Augustin le frère de Charles pourvoit comme il le peut à l'entretient et à l'éducation des deux orphelins. Avec l'aide de sa famille Marie Françoise qui est revenue au domicile de ses parents, se débrouille tant bien que mal. Achetant ici une terre, là bas un bout de taillis. De quoi faire vivre ses marmots. Leur assurer le quotidien.
Dès qu'elle le pourra, c'est à dire dès qu'elle en aura l'age, Maria sera placée dans une famille bourgeoise et pourvoira à ses propres besoins.

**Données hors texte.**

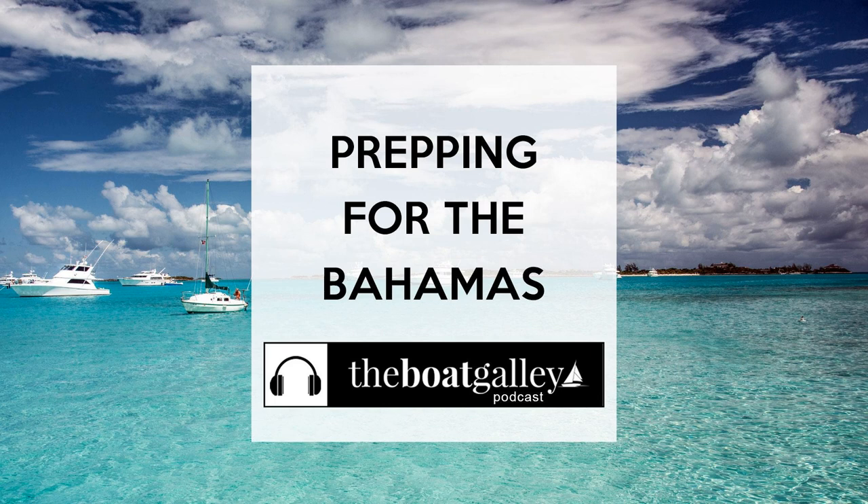Are you heading to the Bahamas this winter? Wondering what should go on your prep list? It's going to be different for everyone, but I can suggest a few things to spur your thinking. Hi there, I'm Carolyn Sherlock, and on this episode of the Boat Galley Podcast, I'll share my to-do lists for our second trip to the Bahamas.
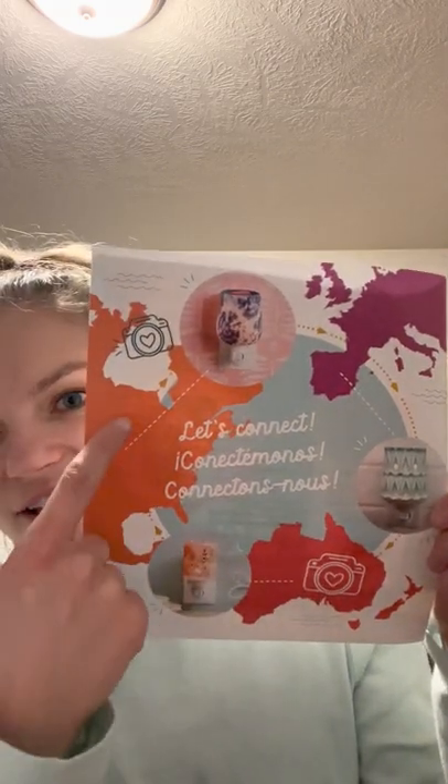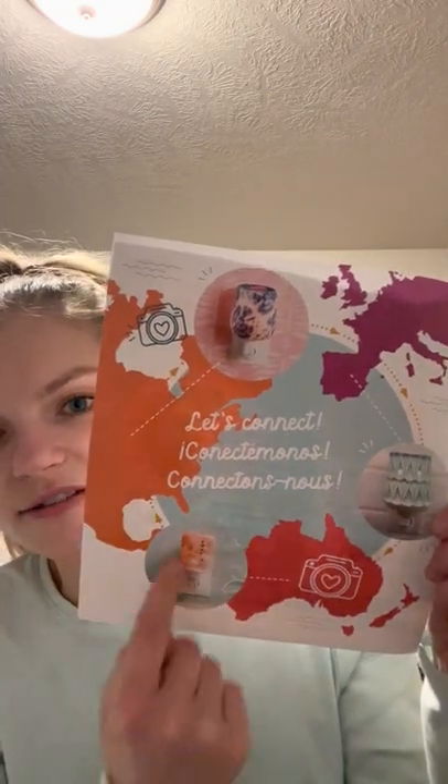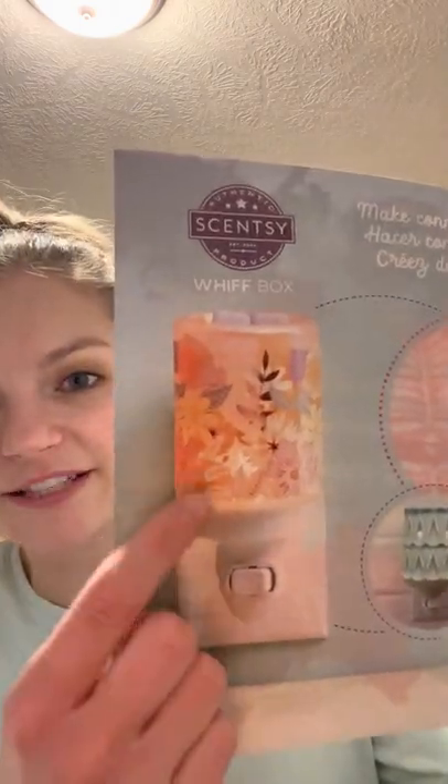We are in region one, so we get the tie dye warmer. I believe Europe got a different one, and that leads me to believe Australia got another. This mini warmer is so cute — I love it. I don't think it's available in the US but I want one of those, it's so pretty. So you have the US, Europe, and Australia/New Zealand — I'm pretty sure that's region three — they got the pretty one. Not that the tie dye isn't pretty, and I know some of my customers were really into the tie dye. So today I'll be sharing the tie dye.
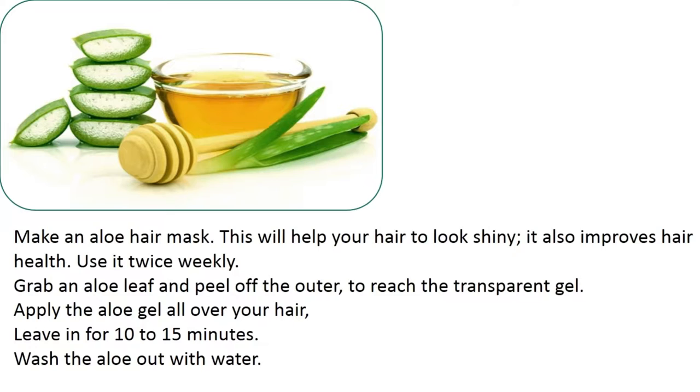Make an aloe hair mask. This will help your hair look shiny and improves hair health. Use it twice weekly. Grab an aloe leaf and peel off the outer layer to reach the transparent gel. Apply the aloe gel all over your hair, leave it in for 10 to 15 minutes, then wash the aloe out with water.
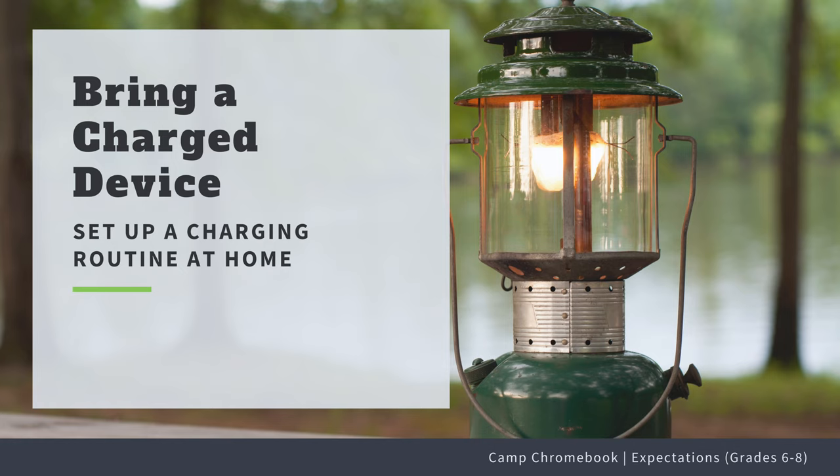Number three, as the Chromebook is a learning tool, you want to make sure that you come to school with enough charge to make it through the day. This is not only a Camp Chromebook expectation, but also a care expectation. Try to set up a routine for charging at home.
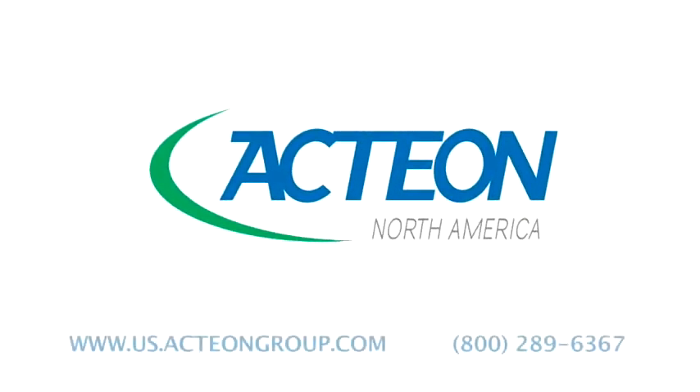For more information, visit www.us.actiongroup.com or call 800-289-6367.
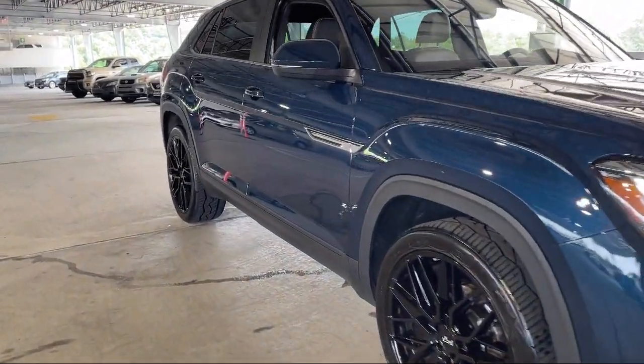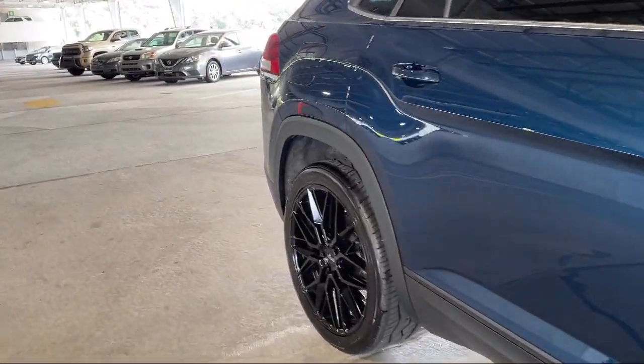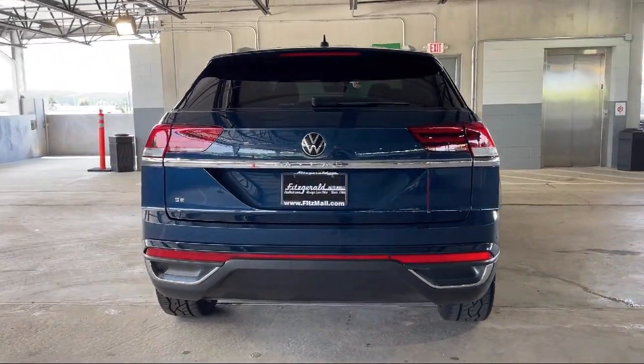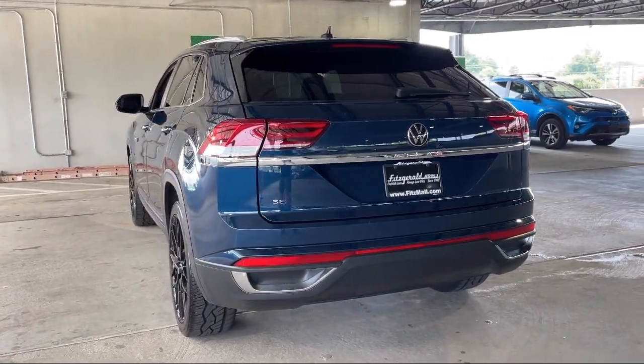Every Fitzway used vehicle we sell gets the Fitzway Checkout. It's a comprehensive inspection by our highly skilled technicians. And we'll provide you a copy of the inspection report and a Carfax vehicle history report, so you'll know as much about the vehicle as we do.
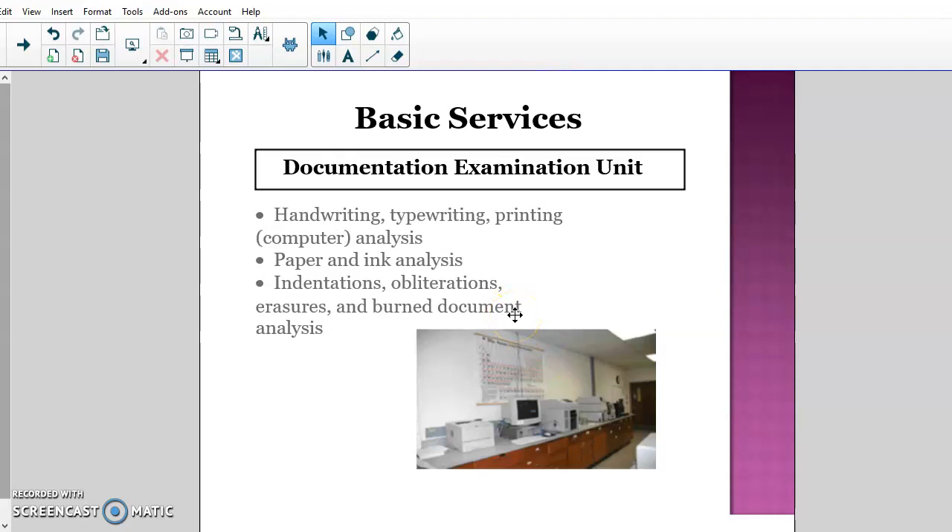In Arizona, most cities have their own crime lab. Phoenix's is the largest in the state; Mesa, Glendale, and Tucson also have crime labs. Other cities that don't have a crime lab or lack the expertise will send evidence to neighboring cities. For example, Glendale may send something to the Phoenix crime lab, which processes it and sends the evidence back — they all help each other out.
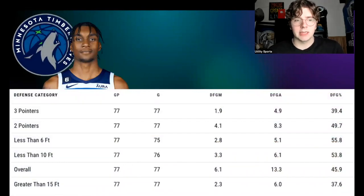Here are his defensive ratings and field goal attempts allowed as the closest defender. I want to focus on two-pointers first. In 77 games, he's allowing about 8.3 two-point shots per game at around 49.7 percent efficiency. Within six feet of the hoop, opponents are shooting less than 56 percent; within ten feet, a little under 54 percent; and overall they're shooting only about 46 percent from the field. He's also allowing about 5 three-pointers a game.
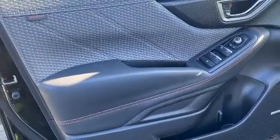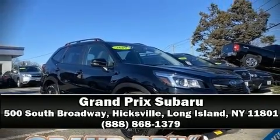Our sales staff will help you find the vehicle that you've been searching for. Come on in and take a test drive.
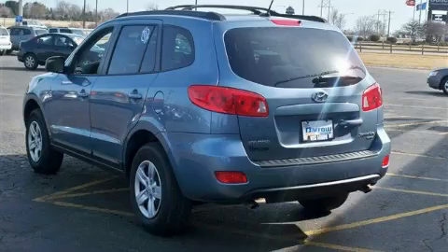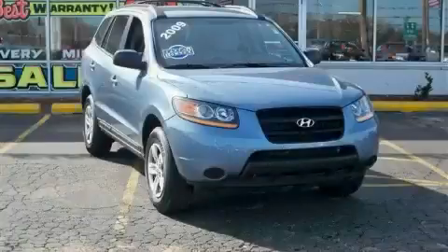This Hyundai has had only one owner, and it qualifies for the Carfax buyback guarantee. Stop by today and test drive this crossover for yourself.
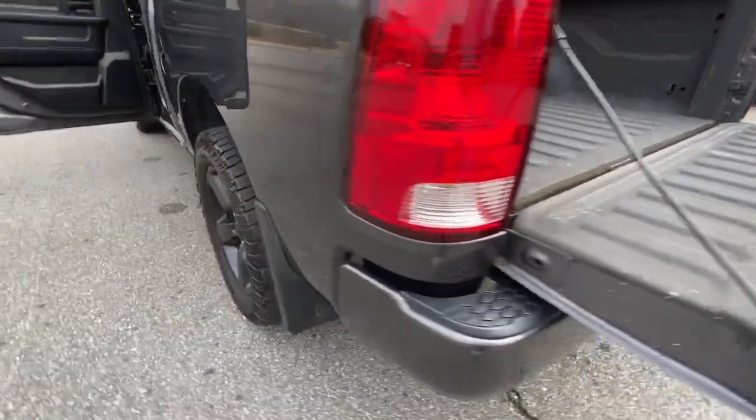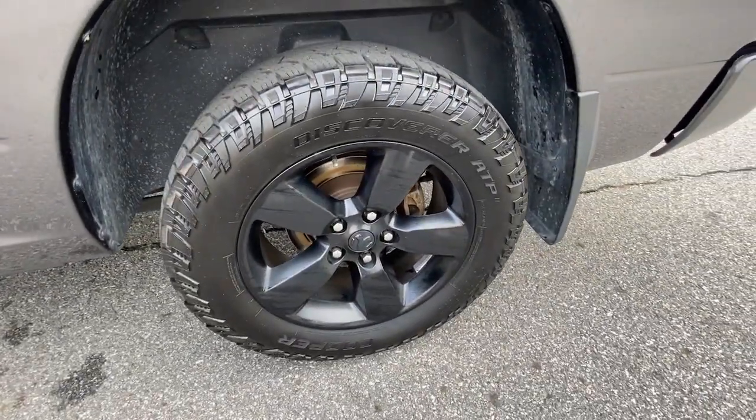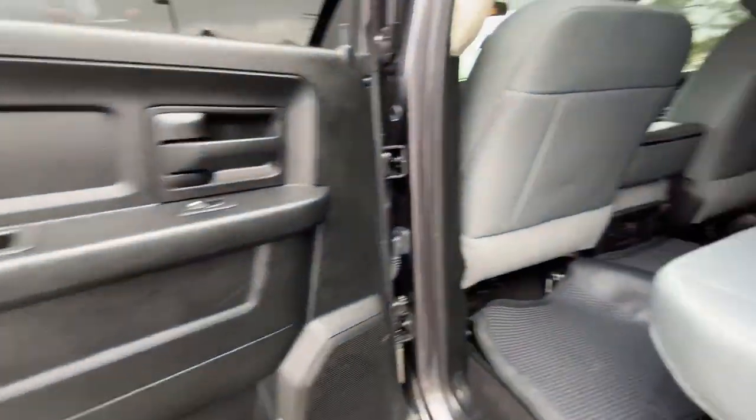Relax and enjoy getting the job done right in the strong and dependable Ram 1500. Come in for a test drive.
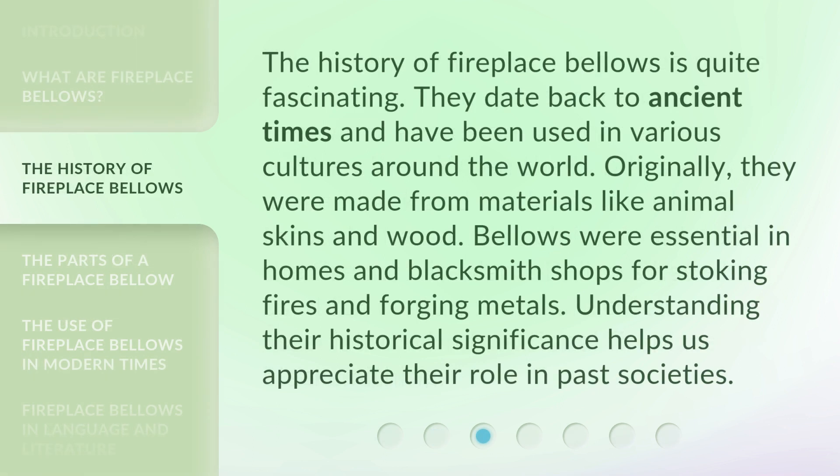The history of fireplace bellows is quite fascinating. They date back to ancient times and have been used in various cultures around the world. Originally, they were made from materials like animal skins and wood. Bellows were essential in homes and blacksmith shops for stoking fires and forging metals.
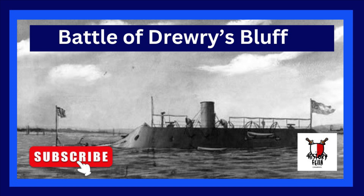Four Union Navy warships, including the ironclads USS Monitor and Galena, and the United States Revenue Cutter Service's ironclad USRC Nogatuk, steamed up the James River to test the defenses of Richmond, Virginia, the Confederate capital.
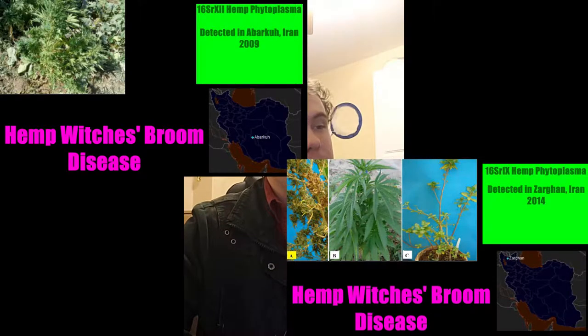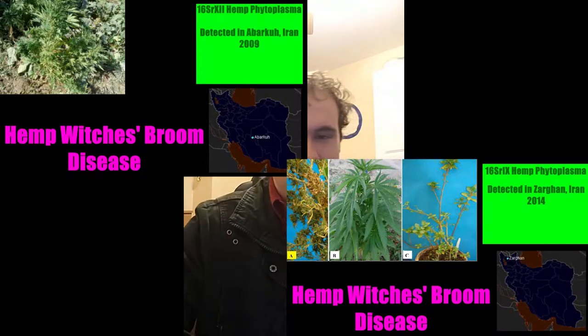Interesting to note. The symptoms of hemp phytoplasmas are very similar to what a lot of people are calling, in the cannabis industry, dudding. In the rose industry, with roses, there's a similar sort of problem that can happen with rose cultivation, and they're called blinds instead of dudding.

C'est une famille de notable qui l'emploie. Celle ci possède une résidence sur la commune d'Egliseneuve mais réside une partie de l'année à Clermont. Elle voyage beaucoup. Le général Bohër, un Alsacien, grognard de la garde de Napoléon III embauche définitivement  Maria qui devient servante, puis gouvernante pour les enfants. Son frère Claudius  se déplace de chantiers en chantiers sur Lyon. Il a appris le métier de maçon. Les deux se retrouvent parfois, au gré de leurs errances, en gare de Clermont. Maria attend son frère et ensemble il regagne la Vigerie où Marie Françoise attend. Quand elle décède, le 5 octobre 1916, c'est la guerre.  Claudius est au front. Par 7 fois il aura tenté de s'évader, par 7 fois il sera repris. Maria qui n'a plus que son frère vit au service de la famille Bohër
jusqu'à  sa retraite, qu'elle prend dans sa maison de Charel. Son frère marié, a deux enfants. Maria qui elle n'a pas de famille est aux petits soins. Ainsi Charles et Simone sont comblés par cette tante  providentielle qui connait le vaste monde, bien plus qu'Eugénie leur mère, modeste paysanne qui découvre par sa belle soeur le monde des lumières. Lecture, culture, tricot, broderie occupent les soirs d'hiver au cours de longues veillées. Claudius s'en va le premier des suite d'une mauvaise blessure de guerre. Son chien le Youki va mourir de chagrin, sur sa tombe. Ne reste plus que Pyram aux bons soins d'Eugénie. Quand elle meurt à son tour, les enfants sont partis. Charles vit sa vie de maçon, souvent il rentre tard, parfois il ne rentre pas. Simone est mariée, elle va bientôt être maman. Maria recueille Pyram qui va devenir son chien. Quand avec maman nous venons à Charel, nous venons voir Maria. Je ne peux m'empêcher de  taquiner Pyram, dans la cuisine de Maria. Je prends un balais et m'entreprends de le chasser, comme à la maison on chasse les chiens pour qu'ils n'entrent pas, ce que mon père ne veut surtout pas ! Maria se fâche et devient rouge de colère. C'est à peu prés les seuls souvenirs que je garde d'elle. Je revois Maria toute vêtue de noir entre les portes de Charel nous dire au revoir en agitant son bras. Maria est décédée en 1956. J'avais 4 ans. Au revoir Maria.

Elle part...

Elle part. Comme on part prendre le train. Tout au bout de la route et de notre chemin Elle part vivre sa vie ma boucle de Sarrasin. El...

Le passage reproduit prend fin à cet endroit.